Elvie closed the door quietly and headed towards the well a few paces in front of her house. She was situated in the middle of a forest believed by outsiders that it was haunted and dangerous.
They were right; there was a section of the forest where ghosts ran rampant through the trees, but only at night and everywhere were man-eating plants, man-eating wolves and man-eating sand holes that swallowed up anything that stepped onto them but Elvie had navigated carefully through the woods and found a perfect clearing in the forest where bright green grass grew under the sun from above.
The surrounded trees of the clearing produced beautiful colored flowers and fruit and bushes that grew floral plants that made the clearing smell clean and wonderful.
It was the perfect place for Elvie to practice her magic, after all, she was a new witch at that one.

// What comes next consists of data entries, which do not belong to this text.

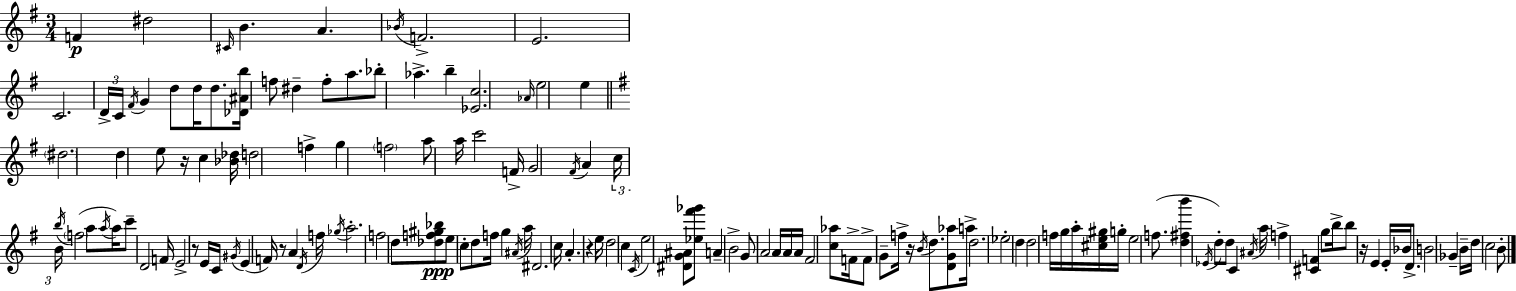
F4/q D#5/h C#4/s B4/q. A4/q. Bb4/s F4/h. E4/h. C4/h. D4/s C4/s F#4/s G4/q D5/e D5/s D5/e. [Db4,A#4,B5]/s F5/e D#5/q F5/e A5/e. Bb5/e Ab5/q. B5/q [Eb4,C5]/h. Ab4/s E5/h E5/q D#5/h. D5/q E5/e R/s C5/q [Bb4,Db5]/s D5/h F5/q G5/q F5/h A5/e A5/s C6/h F4/s G4/h F#4/s A4/q C5/s B4/s B5/s F5/h A5/e A5/s A5/s C6/e D4/h F4/s E4/h R/e E4/s C4/s G#4/s E4/q F4/s R/e A4/q D4/s F5/s Gb5/s A5/h. F5/h D5/e [Db5,F5,G#5,Bb5]/e E5/e C5/e D5/e F5/s G5/q A#4/s A5/s D#4/h. C5/s A4/q. R/q E5/s D5/h C5/q C4/s E5/h [D#4,G4,A#4]/e [Eb5,F#6,Gb6]/e A4/q B4/h G4/e A4/h A4/s A4/s A4/s F#4/h [C5,Ab5]/e F4/s F4/e G4/e F5/s R/s B4/s D5/e. [D4,G4,Ab5]/e A5/s D5/h. Eb5/h D5/q D5/h F5/s G5/s A5/s [C#5,E5,G#5]/s G5/s E5/h F5/e. [D5,F#5,B6]/q Eb4/s D5/e D5/e C4/q A#4/s A5/s F5/q [C#4,F4]/q G5/e B5/s B5/e R/s E4/q E4/s Bb4/s D4/e. B4/h Gb4/q B4/s D5/s C5/h B4/e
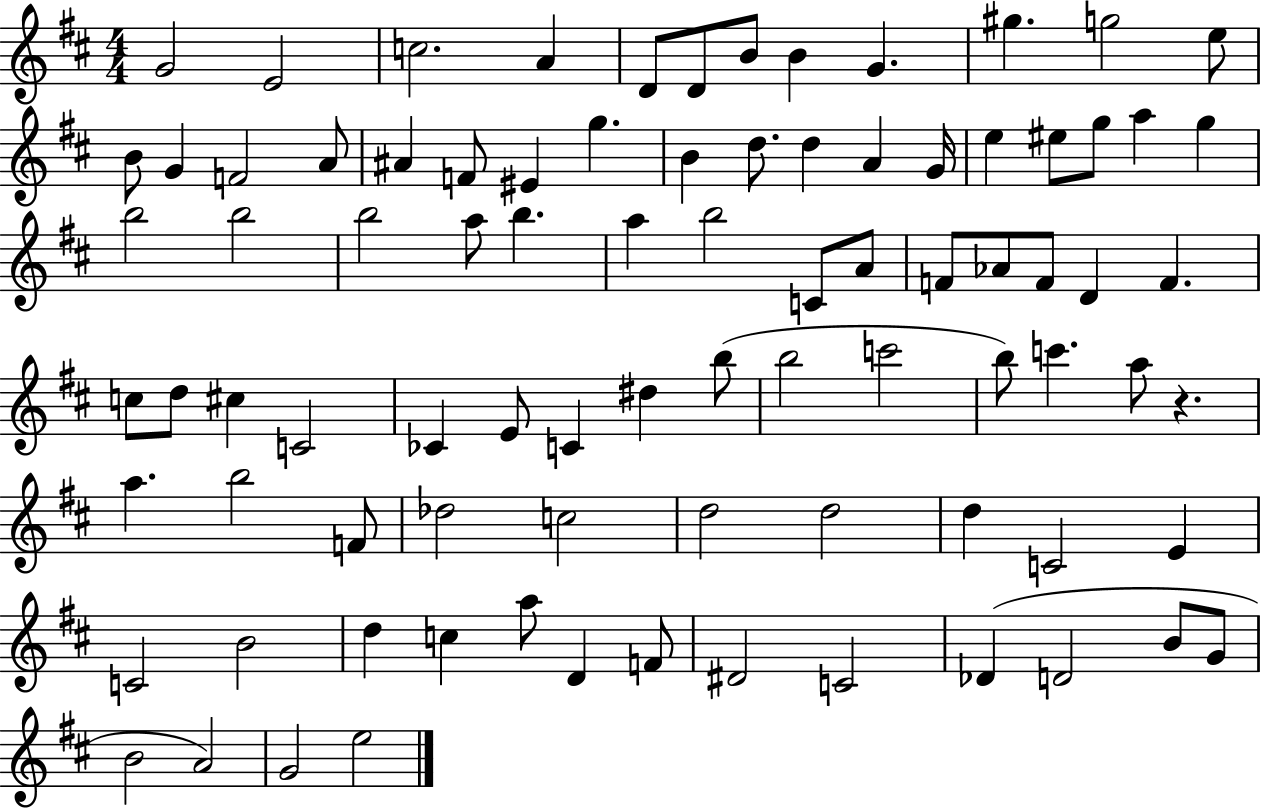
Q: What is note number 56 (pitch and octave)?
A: B5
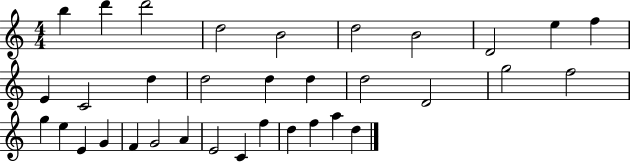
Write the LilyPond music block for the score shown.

{
  \clef treble
  \numericTimeSignature
  \time 4/4
  \key c \major
  b''4 d'''4 d'''2 | d''2 b'2 | d''2 b'2 | d'2 e''4 f''4 | \break e'4 c'2 d''4 | d''2 d''4 d''4 | d''2 d'2 | g''2 f''2 | \break g''4 e''4 e'4 g'4 | f'4 g'2 a'4 | e'2 c'4 f''4 | d''4 f''4 a''4 d''4 | \break \bar "|."
}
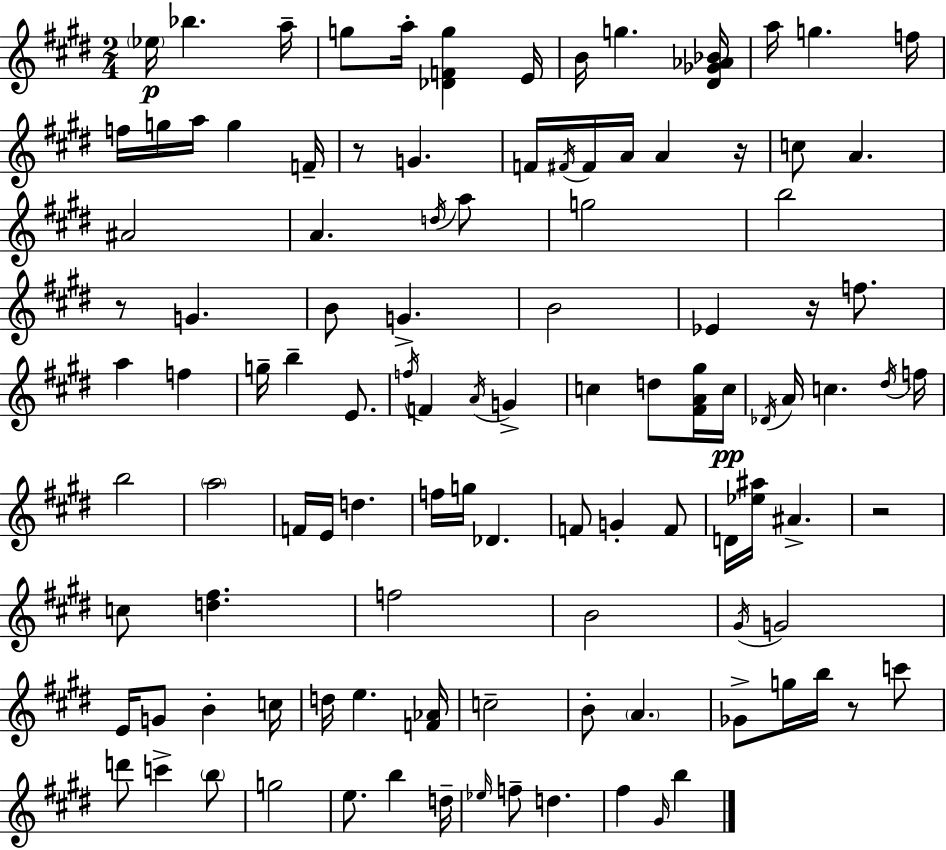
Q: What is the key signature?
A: E major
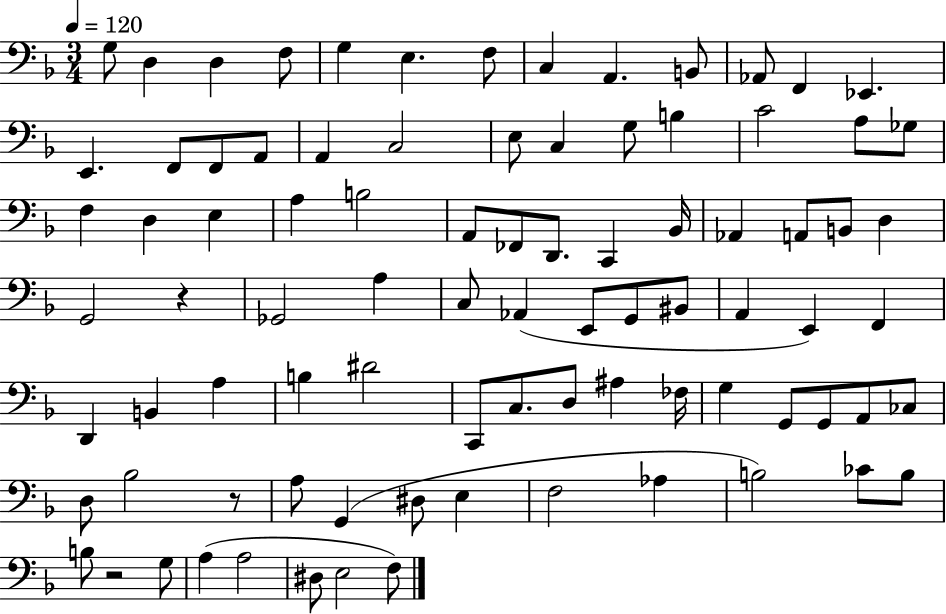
{
  \clef bass
  \numericTimeSignature
  \time 3/4
  \key f \major
  \tempo 4 = 120
  g8 d4 d4 f8 | g4 e4. f8 | c4 a,4. b,8 | aes,8 f,4 ees,4. | \break e,4. f,8 f,8 a,8 | a,4 c2 | e8 c4 g8 b4 | c'2 a8 ges8 | \break f4 d4 e4 | a4 b2 | a,8 fes,8 d,8. c,4 bes,16 | aes,4 a,8 b,8 d4 | \break g,2 r4 | ges,2 a4 | c8 aes,4( e,8 g,8 bis,8 | a,4 e,4) f,4 | \break d,4 b,4 a4 | b4 dis'2 | c,8 c8. d8 ais4 fes16 | g4 g,8 g,8 a,8 ces8 | \break d8 bes2 r8 | a8 g,4( dis8 e4 | f2 aes4 | b2) ces'8 b8 | \break b8 r2 g8 | a4( a2 | dis8 e2 f8) | \bar "|."
}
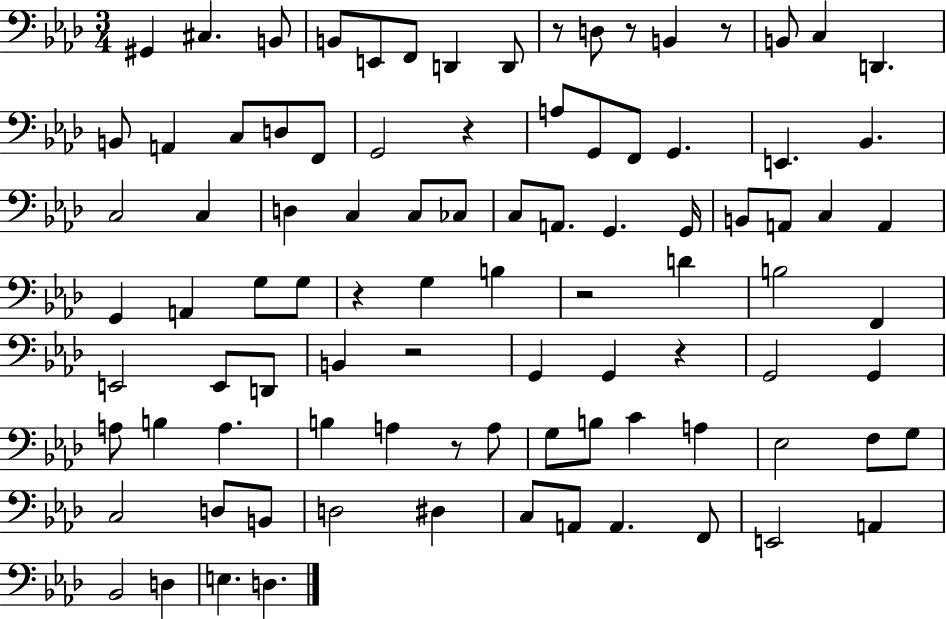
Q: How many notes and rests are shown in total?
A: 93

Her parents came from a long line of witches, so it was no surprise when Elvie started showing signs that she had magic in her.
She had trained for three years under the most powerful sorceress, Yemil the Goddess, and was confident with her knowledge and power that she would make just as good a witch as Yemil.
Elvie pulled up the bucket of water from the well and carried it inside towards her cottage. She couldn’t help but glance back at the west wall when coming inside, feeling a stir of excitement within her as she prepared for her unknown guest.